→ Work instructions:
Quote, word for word, the line containing "Terreno rural com" and all lines that follow it to the end of the records, with no pictures.

→ Provided records:
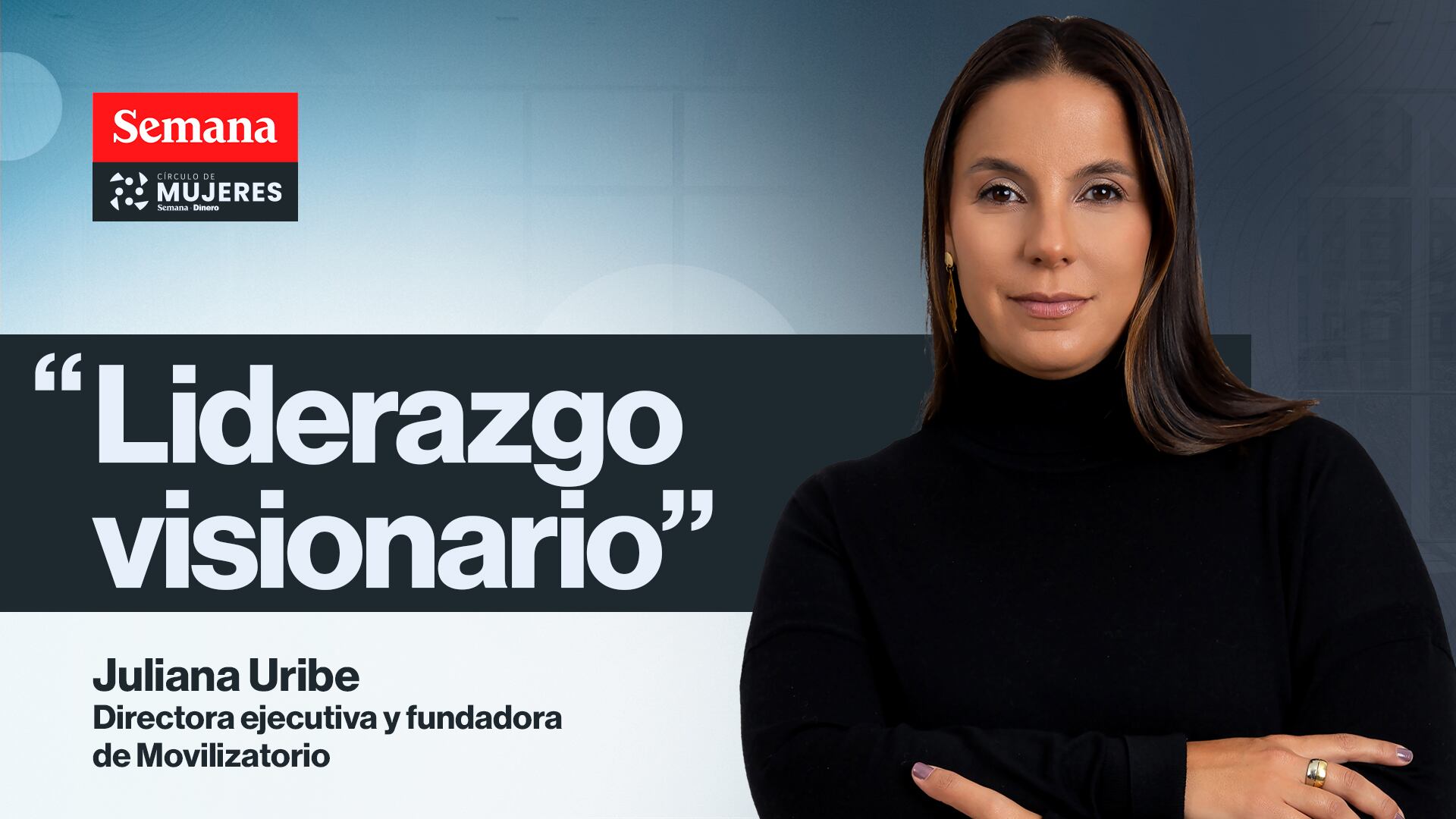 Durante la pandemia lideró la estrategia de la plataforma de solidaridad Colombia Cuida Colombia, y es la creadora de El Avispero, iniciativa de activismo cívico que agrupa a más de 150.000 personas.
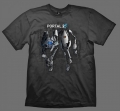 Portal 2 T-Shirt Atlas & P-Body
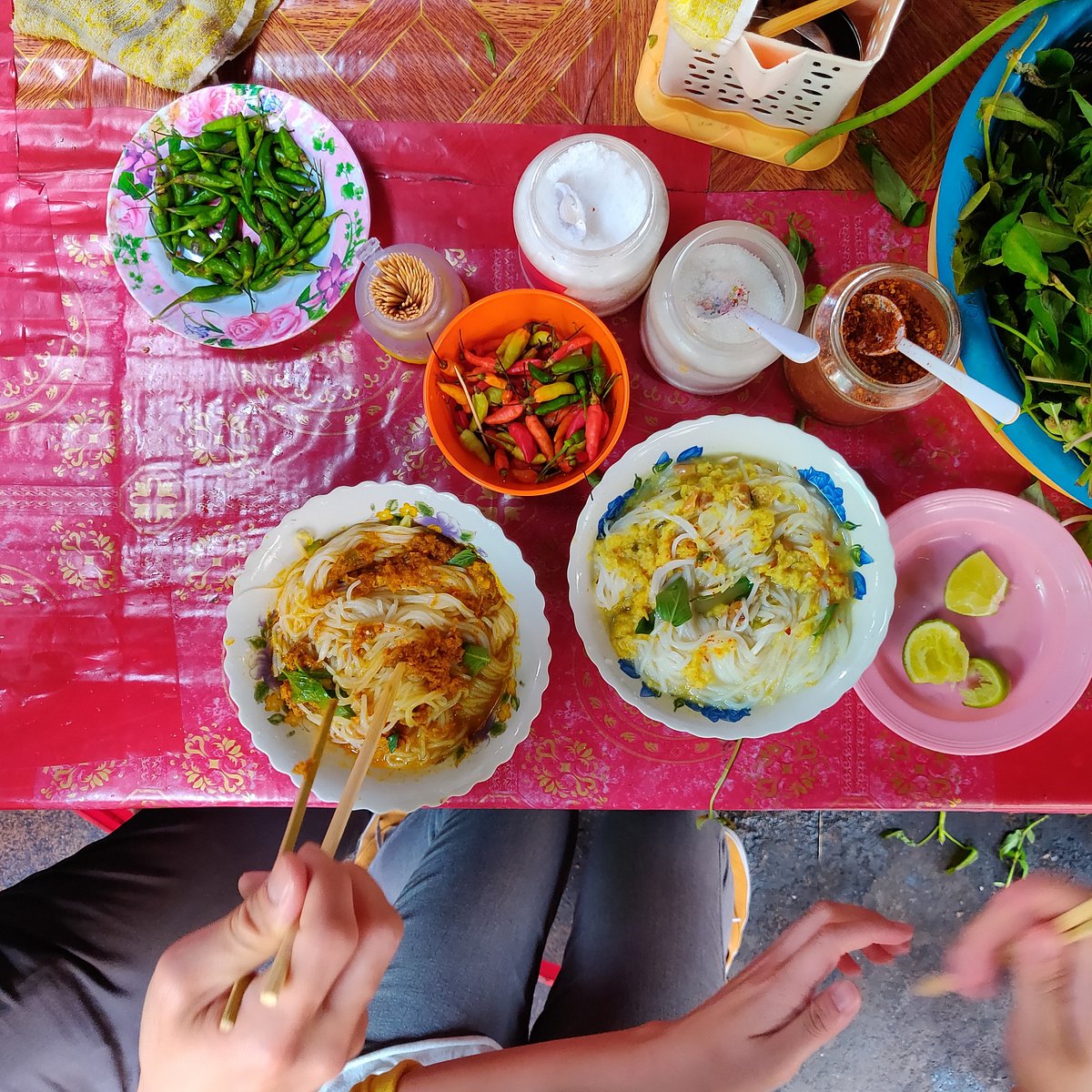 phnom penh food tours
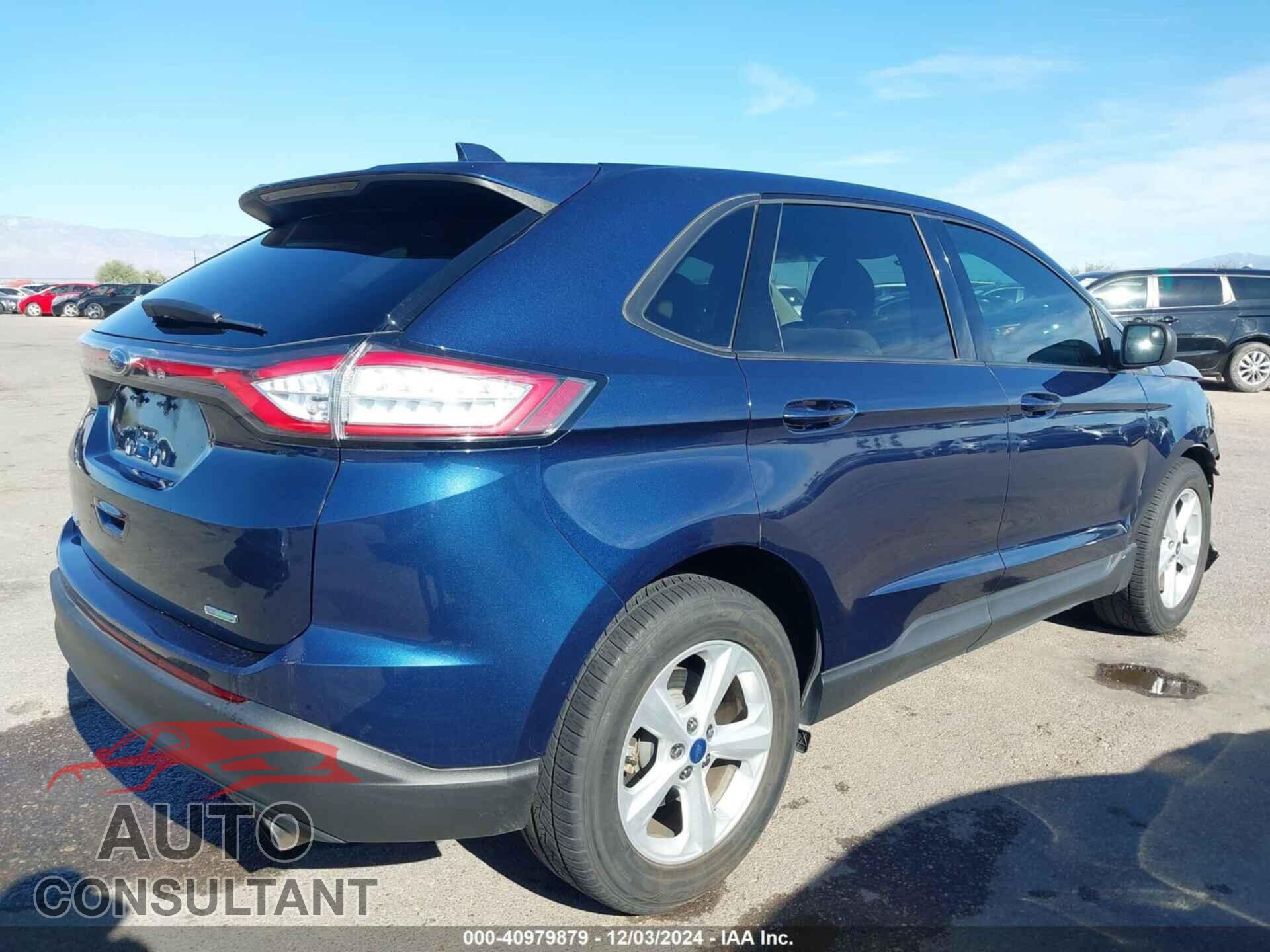 FORD EDGE 2017 - 2FMPK3G91HBB04954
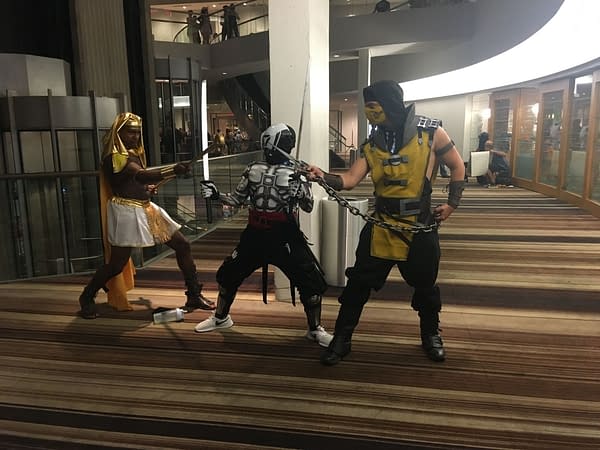 Dragon Con Cosplay Gallery Day 2 - Friday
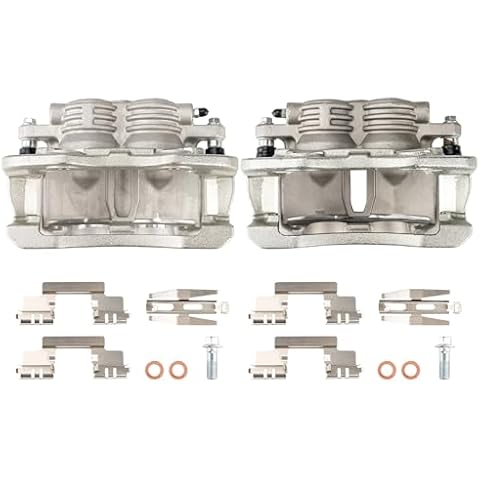KAX Rear Brake Caliper Assembly Cover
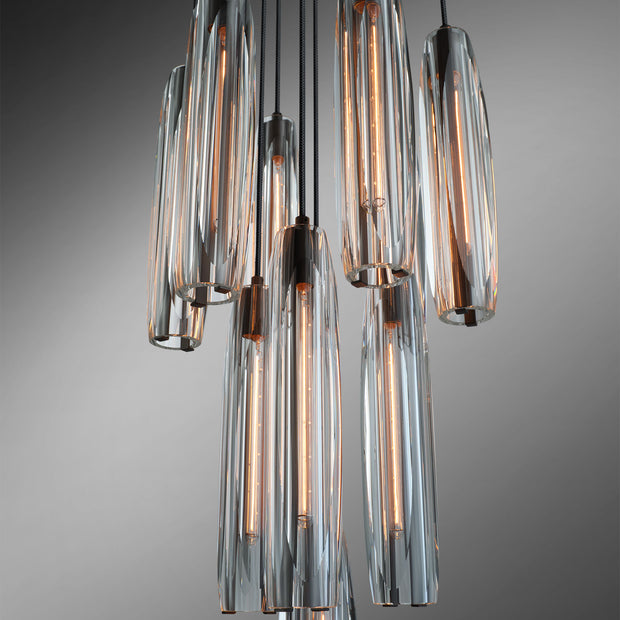Chartier Circular Chandelier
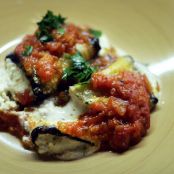 Eggplant Involtini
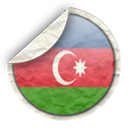 Azerbaijan Black icon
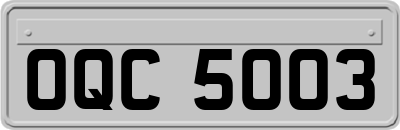 OQC5003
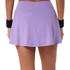 Asics Match Skirt - Night Energy/Faded Plum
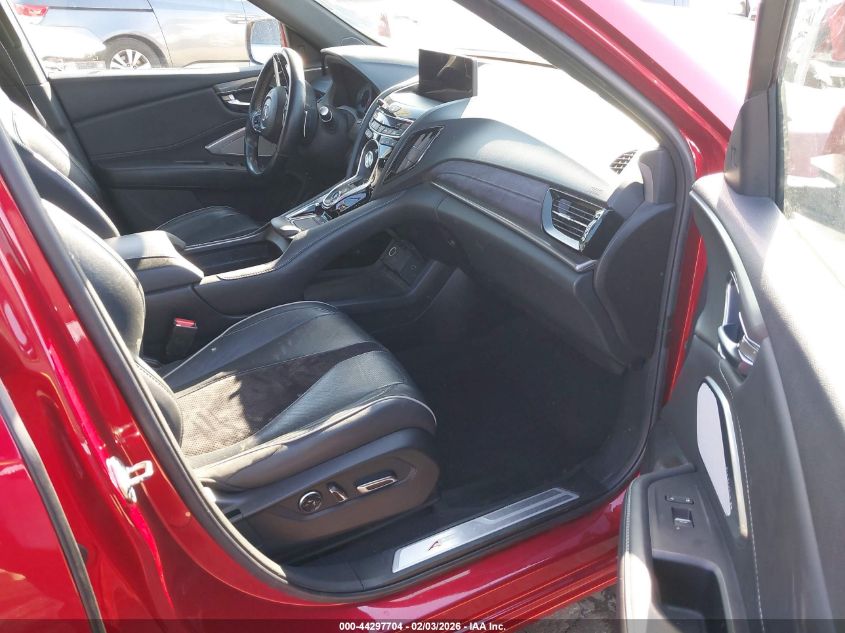 2021 Acura Rdx A-Spec Package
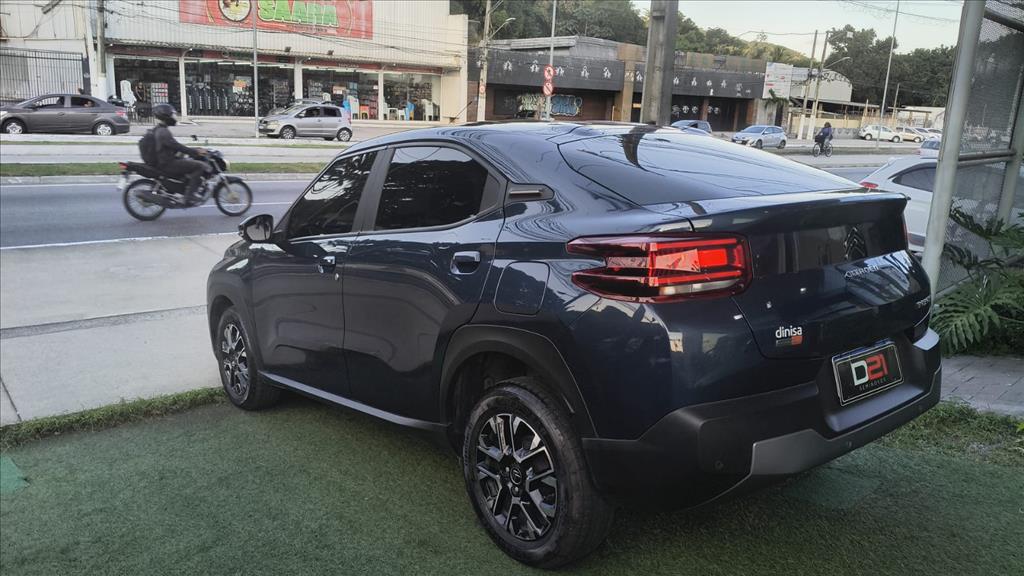 Citroën-BASALT-1.0 TURBO 200 FLEX SHINE CVT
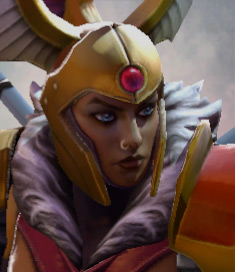 Legion Commander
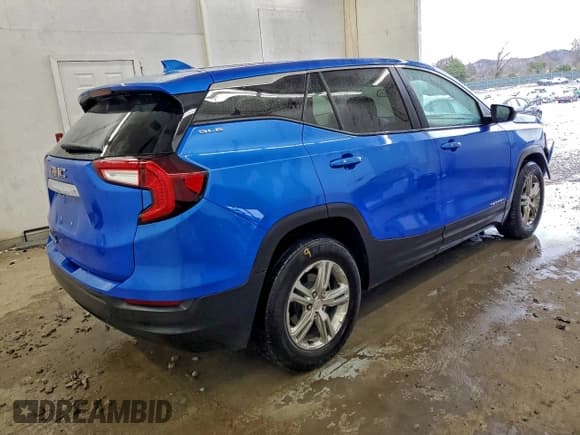 ✅ 2024 GMC Terrain SLE • VIN: 3GKALMEG6RL292184 • Lot: 94961275. Listed on Copart with 46,062 mi. Free auction sales archive from the USA and detailed vehicle history report at DreamBid. Image 3.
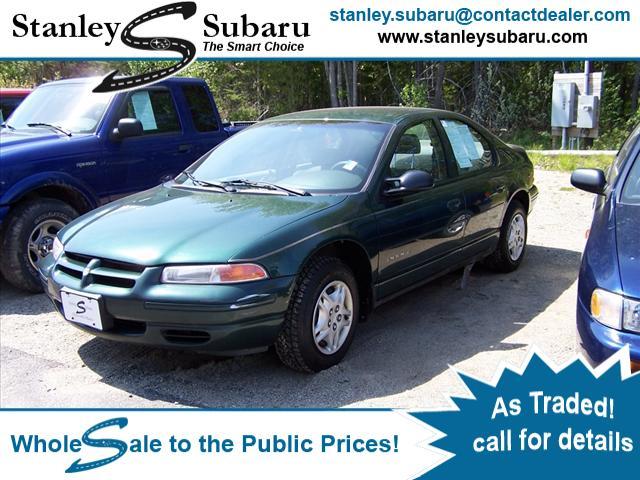 Photo of 1999 Dodge Stratus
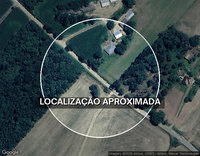 Terreno rural com 193.015m² em Paulo Frontin - PR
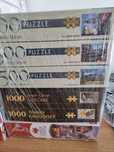 Vand set de 15 jocuri puzzle Trefl Puzzle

→ Your solution:
 Terreno rural com 193.015m² em Paulo Frontin - PR
 Vand set de 15 jocuri puzzle Trefl Puzzle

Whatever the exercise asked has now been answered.